The next day, when she went to pick up her two children from her brother’s house, the Escape smelled of gas and a can of air freshener was missing. Longoria got out of bed at about 10 a.m. and spent most of the day in the garage with some of the younger crowd that had attended the earlier birthday party.
That Sunday, Brown received a text message about the missing DeBolt along with a photo of her, noting she was 14, but a Facebook posting listed her as 16. Brown put two and two together and realized this was the girl from the July 18 text message.
When she confronted Longoria, he said he didn’t know who she was. At one point, he referred to her as a cousin.
Brown recalled stains on the clothes Longoria first went out in the night before, and that he had washed his white basketball shoes and bleached the laces.
On Monday, DeBolt’s sister and aunt came to Brown’s home and said her vehicle matched the description of the one in which DeBolt was last seen. She called her husband at work. “I wanted to know if he was involved, if he knew anything.”
He came home and denied any knowledge, and went back to work.
That Monday night, when Longoria came to pick Brown up from work at the Barton County Courthouse, he said that if anyone asks where he was the previous Saturday night, to tell them he was at the bar Willy J’s. Oddly enough, the police pulled them over on their way home and took Brown to the police department to question her.
An officer gave her a ride to her house. Longoria was not there, but arrived shortly.
He wanted her to dispose of the stained gray T-shirt from Saturday night, which he had ripped up, saying if she loved him, she would get rid of it. She went to get him a pack of cigarettes and threw the pieces out of the car window.
On the 24th, the day DeBolt’s body was found, Longoria contacted Brown several times from work asking if she’d heard any updates on the DeBolt case.
She admitted to telling various versions of her story in the past and lying for Longoria on some occasions.
Brown told authorities she and Longoria were not married. The relationship continued through January 2011 and at one point Brown said Longoria wanted to get married “so I wouldn’t have to testify against him.”

Also Friday afternoon
KBI Special Agent John Nachtman testified about the search of the ditch on the north side of U.S. 56 between the Dundee plant and Great Bend that he coordinated.

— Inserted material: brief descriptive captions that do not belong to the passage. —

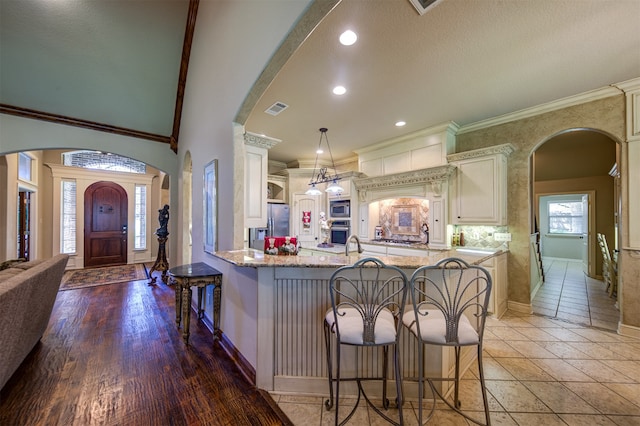 kitchen with ornamental molding, decorative light fixtures, appliances with stainless steel finishes, a breakfast bar area, and hardwood / wood-style floors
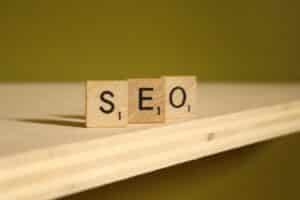 WordPress SEO Services- Optimizing WordPress Websites for Top-Notch SEO 10 a wooden block that says seo on it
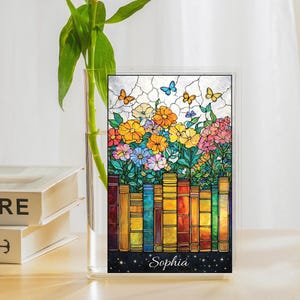 Könnte beinhalten: Eine farbenfrohe Glasmalerei mit einem lebendigen Blumenarrangement mit Schmetterlingen und einer Reihe von Büchern. Das Panel enthält den Namen "Sophia" am unteren Rand. Das Kunstwerk ist in einem transparenten Rahmen.
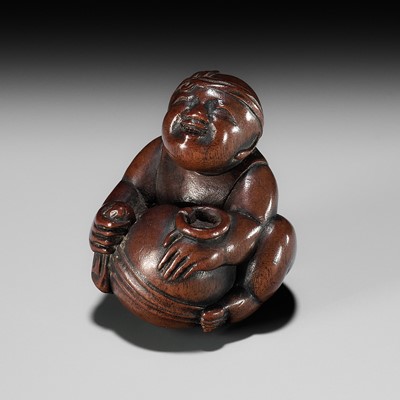 Lot 168 - SHOGYOKU: A WOOD NETSUKE OF A BOY POLISHING A MOKUGYO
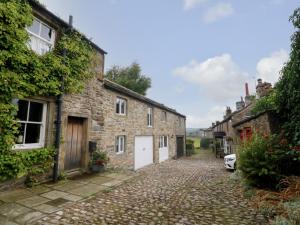 a cobblestone street in a village with stone houses at Darrowby Barn in Skipton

Between Aug. 30 and Sept. 1, law enforcement personnel found DeBolt’s cell phone, cell phone battery and battery cover, and decorative case, each in a separate location.
The phone’s hex number (or identification number) confirmed that it belonged to DeBolt.
But, under cross examination from defense attorney Jeff Wicks of the Death Penalty Defense Unit, Nachtman said he had no idea when the phone was put in the ditch, nor how it got there or who put it there.
Aaron Gillespie, records custodian for NexTech Wireless, told how the company, like all cell phone providers, tracks all wireless communications for billing purposes and in case the information is subpoenaed, as it was in the Longoria case.  This includes what tower, and which side of a tower, a transmission hits.
“It knows where that handset is,” Gillespie said. The tower sides, called sectors, cover pie-shaped areas that overlap, creating a full circle of coverage. The range is about 10 miles, under ideal conditions.
At the time of DeBolt’s disappearance, NexTech had eight towers in Barton County. Gillespie said that, using this information, a rough location of a caller can be determined since a phone normally will find the nearest tower and sector.
However, a phone has to be turned on and the battery intact for it to communicate with a tower.
But, under cross examination by Wicks, Gillespie said it wasn’t an exact science. Just because two callers were utilizing the same tower sector, they could be 10-13 miles apart.